Responding to this demand emphasizes the unmediated connection between faith and the assumption that events in life are meaningful–whether this meaning is revealed to us or not. The function of religious language in such contexts reflects the deepest currents running within it, the unspoken foundations upon which it stands. The time of Corona demands a response, but how should we formulate it? With which language should we speak about what is happening to us?
In the same passage cited above, Maimonides speaks in the language of punishment and repentance: “This practice is one of the paths of repentance. When a difficulty arises, and the people cry out and sound the trumpets, everyone will realize that everything occurred because of their evil conduct… and this will cause the removal of this difficulty.”4 People don’t speak like that so often today, but we certainly hear the notes of biblical language when people talk about “divine wrath,” about “judgement against all the nations,” and about what God wants from us in the present situation.5
Personally, these biblical notes are cause for distress, and remind me of how Rav Shagar said that the religious world is caught up in supernal worlds “which people will never be able to fully comprehend, and which therefore inspire doubt in a person who focuses on them.”6 My distress comes from the attempt to use the unquestionable scale of events in order to transcend beyond the human, to use words to conquer events that are greater than us. It is as if the very ability to restore “divine wrath” to our lexicon grants us an anchor amidst all the chaos, framing it in a familiar context.

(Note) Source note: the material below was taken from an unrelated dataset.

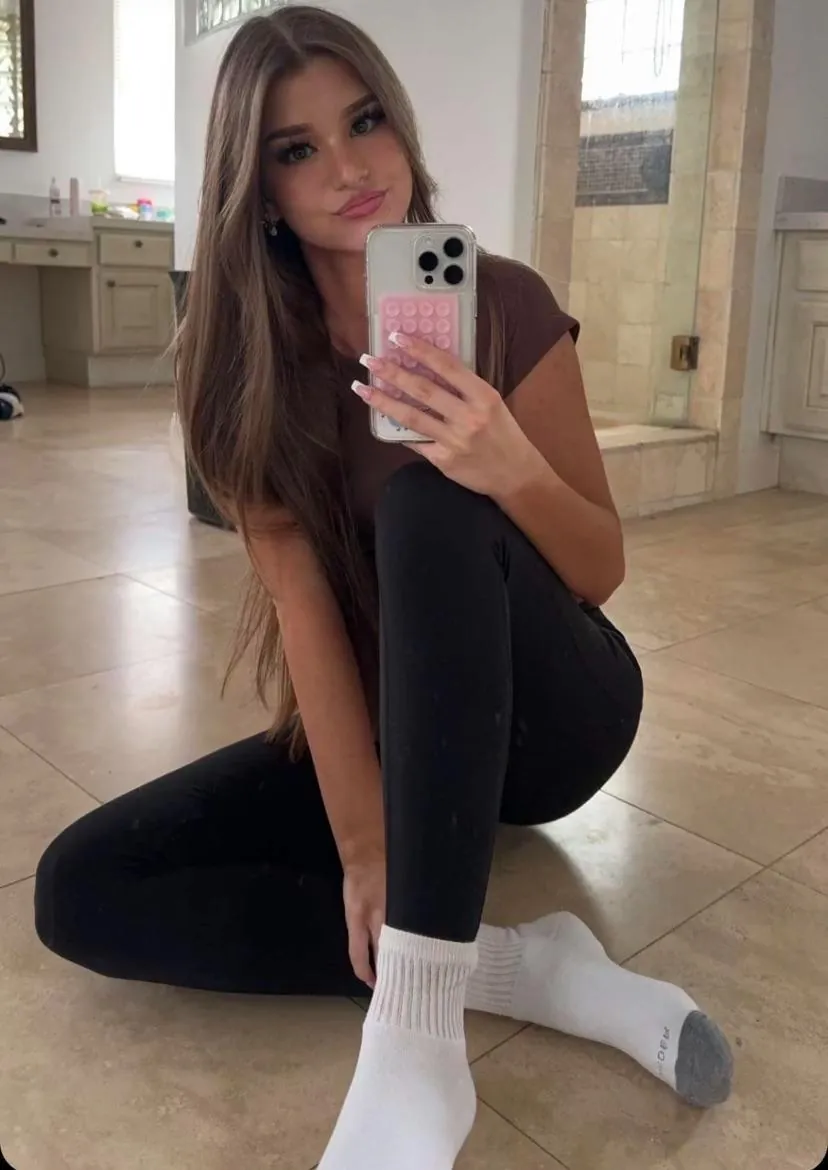 Brooke Monk hard humiliation (part 2)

I want to use Rav Shagar’s discussion of the meaning of providence in order to suggest a different direction we might take.7 Great events are shaking the world, but perhaps the role of religious language is not to position God behind the events. Perhaps religious language is not about grabbing onto faith in someone greater than the events, but rather it should open us up to what is happening in the narrow contexts into which our lives have shrunk. Rav Shagar writes: “God is not just someone who presides over events from the outside… rather he is the vitality within the events.”8 His discussion of providence focuses on what events mean to us. Taking this as our starting point, perhaps the vitality of these days must be found not in the standards of a meta-narrative, but in the way we experience them. We must find the hidden depth within events in a movement from the bottom upward, as Rav Shagar writes in a different context.9
I seek a religious language that will not simply echo the artificial drama of news broadcasts, but which will touch on the outcomes of the forced isolation in our homes, and the disruption of our daily lives. It will speak to the experience of the body threatened from every direction. It will give us words for our self-distancing from society and our gathering inward with close family. “The meaning of history is found within it, just as the person is found within it.”10 Despite how good it feels to speak biblically, perhaps in these times too we must speak only from the place where we really stand.